The first mentality is much more common on the East Coast.  On a typical search, I will either get pulled into command to help plan or coordinate operations, or will get sent out to lead a team of local personnel.  You might end up with 10-15 trained searchers and dozens or even hundreds of untrained personnel (either other first responders or local volunteers) in which case you likely end up as the only trained searcher in a group of 4-5 sent out to complete a specific task.

The other system is basically that when someone is lost or missing, that SAR is pretty much the only resource utilized.  A SAR team's officers would be coordinating and sending out their team members in groups of 2-3 to complete the tasks.  This is much more common West of the Mississippi but is also a model seen on the East Coast as well.

The type of training you will need and receive will depend greatly on where your SAR team fits into local resources, but the one thing that is probably important to brush up on no matter what is your land navigation skills...  If you have a GPS, make sure you know all of the ins and outs of how to use it.  You should also be comfortable with "manual" navigation using map and compass: be able to tell where you are on a topographic map by looking at surrounding terrain, be able to navigate between two points, follow a compass bearing, plot coordinates on a map, etc.

Good luck!  Search and rescue can be really rewarding, and is fascinating if you're interested in emergency management because it is one discipline that almost fully utilizes ICS in just about every callout, large or small.


----------



## AK_SAR (Dec 12, 2011)

The above suggestions are all good. I would add that you ought to try to find out what types of missions are most common for your team, then try to get some experience in those areas.  Your team will presumably teach you the specific SAR skills, but you want to get familiar with the environment.

For example, if your team does a lot of searches for lost hikers, you should try to get out hiking on the local trails as much as you can.
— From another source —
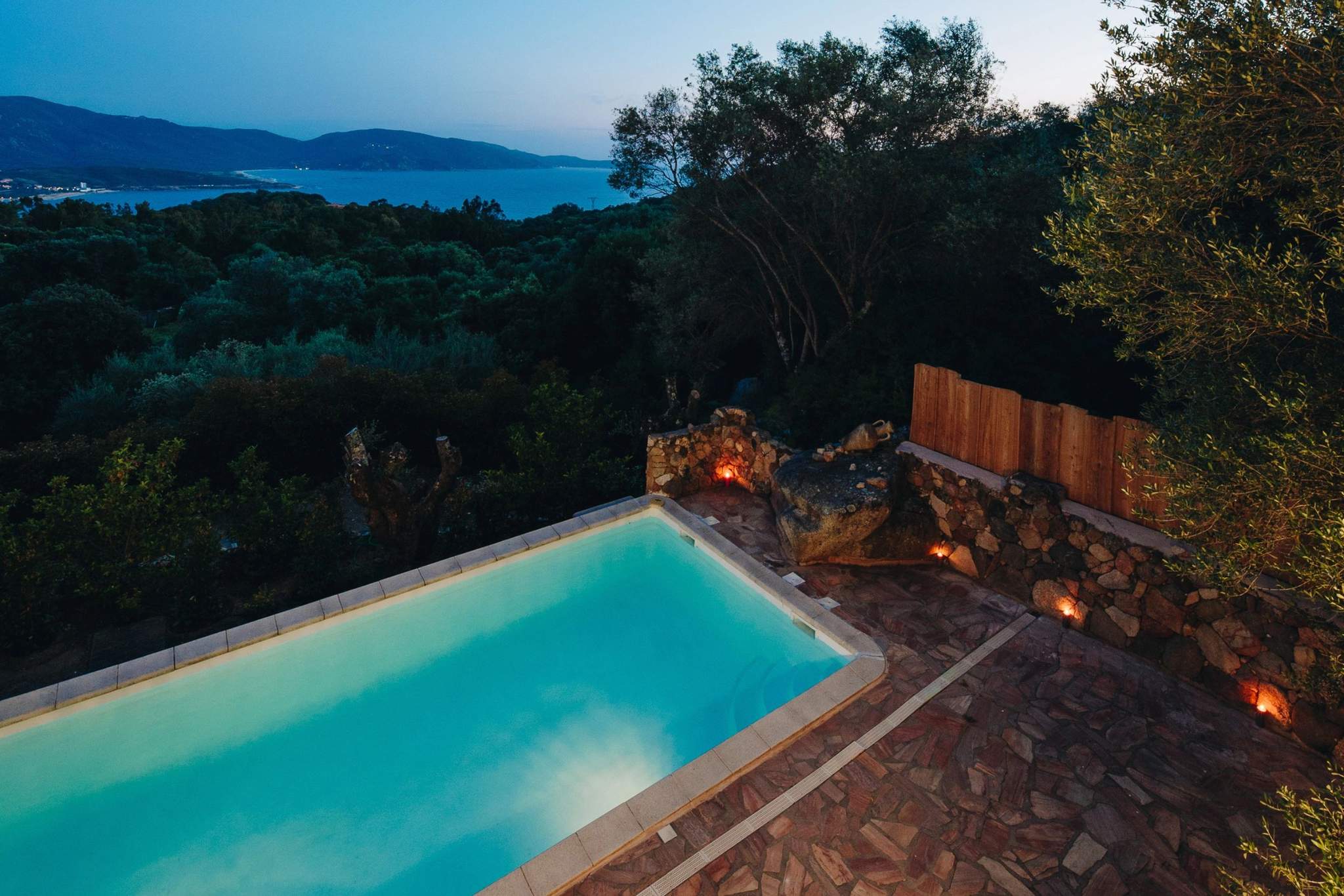 Résidence de luxe avec piscine turquoise surplombant la mer Méditerranée au coucher du soleil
You will learn a lot about the routes, where people might go astray, and build your fitness. If your team does tecnhical high angle rope rescue, you might want to get into rock climbing or mountaineering.  If your team does swiftwater rescue, then some background in whitewater kayaking would be good.  Etc, etc. The more comfortable you are in the specific environment, the more you can focus on learning specific SAR skills, and the more you will get out of your team training.
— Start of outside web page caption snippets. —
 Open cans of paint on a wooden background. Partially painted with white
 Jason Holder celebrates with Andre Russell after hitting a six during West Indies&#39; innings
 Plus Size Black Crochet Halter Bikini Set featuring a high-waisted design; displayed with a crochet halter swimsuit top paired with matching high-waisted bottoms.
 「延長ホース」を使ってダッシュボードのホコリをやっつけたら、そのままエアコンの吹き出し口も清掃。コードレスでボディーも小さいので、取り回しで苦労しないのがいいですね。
Have fun. As JCyrus said, SAR can be very rewarding. I've also found that the folks who are attracted to SAR, the ones who stick with it, tend to be a very good bunch of people to hang out with.


----------



## mycrofft (Dec 12, 2011)

*Just like any other deal like that.*

Be in good shape, don't injure your self, listen up, then get additional study info after you see the curriculum. Stay out of trouble, and keep a clean LIVESCAN and DMV record.


----------



## yowzer (Dec 15, 2011)

Every group is different, of course, but expect things like land navigation, wilderness survival, how to use a litter or any other specialized rescue equipment your SAR group works with (If you do high/steep angle rescue rigging, for example), basic search techniques and styles (What you do when going through a field on hands and knees looking for shell casings, or when you're looking for somebody who never came back from an afternoon hike), administrivia like how you're notified of callouts and what the procedure is when you're responding, maybe some first aid... stuff like that.


----------